Top 9 Data Science Projects for a Beginner in 2020 (Shared Article from The Medium)

Written by Rashi Desai  for the original article click here. 

The ultimate project list for new skills and strengthen your portfolio.

With countries gradually opening up in baby steps and with a few more weeks to be in the “quarantine”, take this time in isolation to learn new skills, read books, and improve yourself.

While the intellectuals keep saying “it’s not a race to be productive”, for those interested in data analytics, data science or anything related to data, I thought let’s make a list of top 9 data science projects to do during your spare time, in no particular order!

1. Credit Card Fraud Detection

The number of credit card owners is projected close to 1.2 billion by 2022. To ensure security of credit card transactions, it is essential to monitor fradualent activities. Credit card companies shall be able to recognize fraudulent credit card transactions so that customers are not charged for items that they did not purchase.

A credit card dataset contains a mix of fraud as well as non-fraudulent transactions and the target is to predict if a given test transaction is fraudulent or not.

Algorithms to be used:

Since the target variable is categorical, the problem can be solved with a line of machine learning algorithms as —

  1. Logistic regression
  2. Decision trees
  3. Neural network or so.

2. Customer Segmentation

Customer Segmentation is the process of splitting a customer base into multiple groups of individuals that share a similarity in ways a product is or can be marketed to them such as gender, age, interests, demographics, economic status, geography, behavioral patterns, spending habits and much more..

Customer Segmentation is one the most important applications of unsupervised learning. Using clustering techniques, companies can identify the several segments of customers allowing them to target the potential user base.

Companies use the clustering process to foresee or map customer segments with similar behavior to identify and target potential user base.

Algorithms to be used:

K-means clustering, heirarchical clustering are the top clustering methods. Some of the other clustering algorithms are:

  1. Partitioning method
  2. Fuzzy clustering
  3. Density-based clustering
  4. Model-based clustering

Furthermore, once the data is collected, companies can gain a deeper understanding of customer preferences and requirements for discovering valuable segments that would reap them maximum profit. This way, they can strategize their marketing techniques more efficiently and minimize the possibility of risk to their investment.

3. Sentiment Analysis

Sentiment, defined as a view of or attitude toward a situation or event; an opinion is a vital topic in the field of Data Science. It has become by far one of the hottest topics in the field given its utmost relevance in today’s age of social media and the number of business problems it can solve.

With the help of sentiment analysis, you can find out the nature of opinion reflected in documents, websites, social media timelines, etc.

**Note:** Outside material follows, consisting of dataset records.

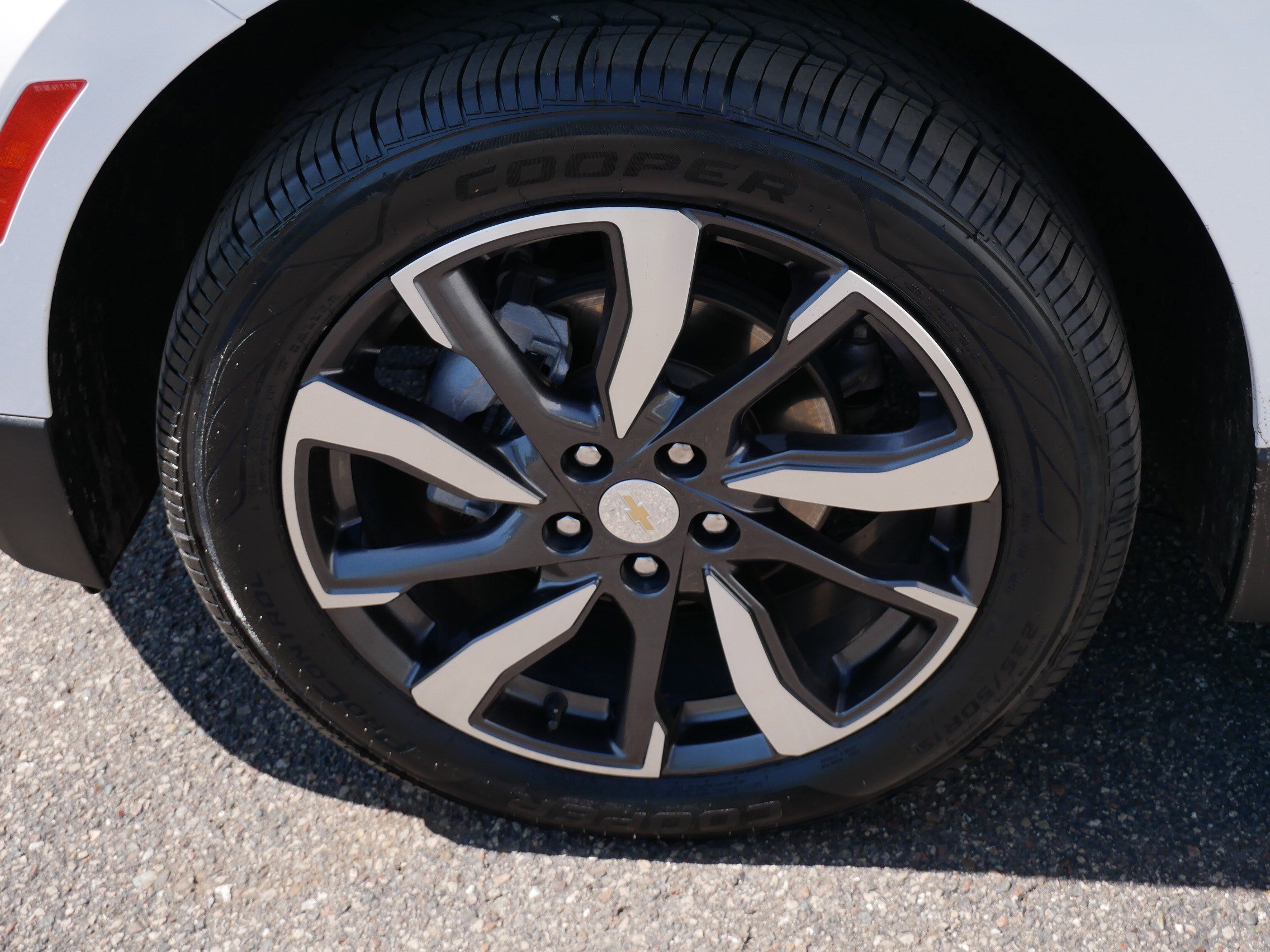 Used 2022 Chevrolet Equinox Premier AWD/4WD image 15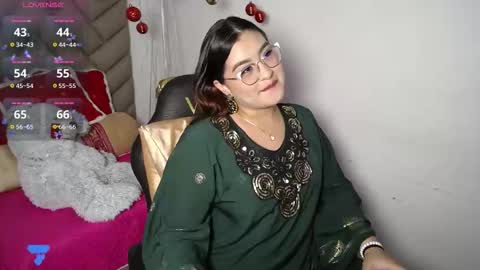 Snapshot of heluejamil chatting on November 2025 07:46:02 PM Zahira online show from November 2025 07:46:02 PM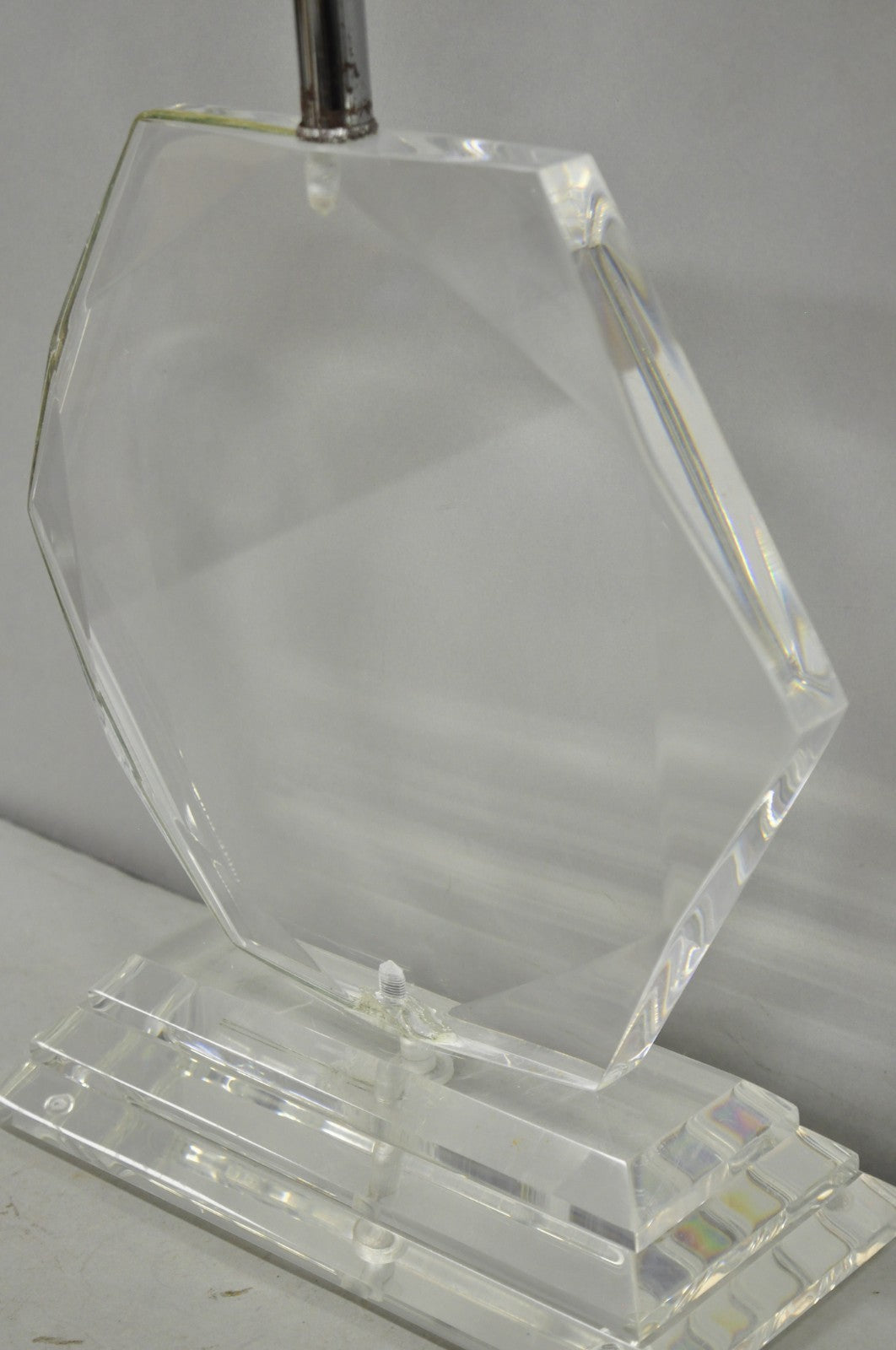Vintage Mid Century Modern Faceted Hexagon Diamond Clear Lucite Table Lamp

Humans are ought to have a range of sentiments from happy, sad, angry, positive or negative, depressed, hatred, love , and more..

In today’s time, any data-driven organization would have to imbibe outcomes from sentiment analysis model to determine the attitude of its consumers and target customers towards the products or services.

Twitter sentiment analysis is a model that HAS to be run all time. Some of the intelligence agencies perform sentiment analysis to

Algorithms to be used:

  1. Naive Bayes
  2. Decision trees
  3. Package Tidytext

4. Speech Emotion Recognition

Of the activities humans can do, a lot is governed by speech and the emotions attached to a scene, a product or experience.

SER, an acronym for Speech Emotion Recognition ca be a compelling Data Science project to do this summer. It attempts to perceive human emotions from the speech (voice samples). Moreover, for sighting human emotion, different sound files are used as the dataset. SER essentially focuses on feature extraction to extract emotion from audio recordings.

While working on the project in Python, you would also shelf up knowledge on the package Librosa, used for analyzing music and audio.

Vox Celebrity Dataset can be a good starting point to perform Speech Emotion Recognition.

Algorithms to be used:

  1. Convolutional Neural Network (CNN)
  2. Recurrent neural networks (RNN)
  3. Neural Network (NN)
  4. Gaussian mixture model (GMM)
  5. Support Vector Machine (SVM)

5. Predictive Analytics

The purpose of predictive analytics is to make predictions about unknown events of the future.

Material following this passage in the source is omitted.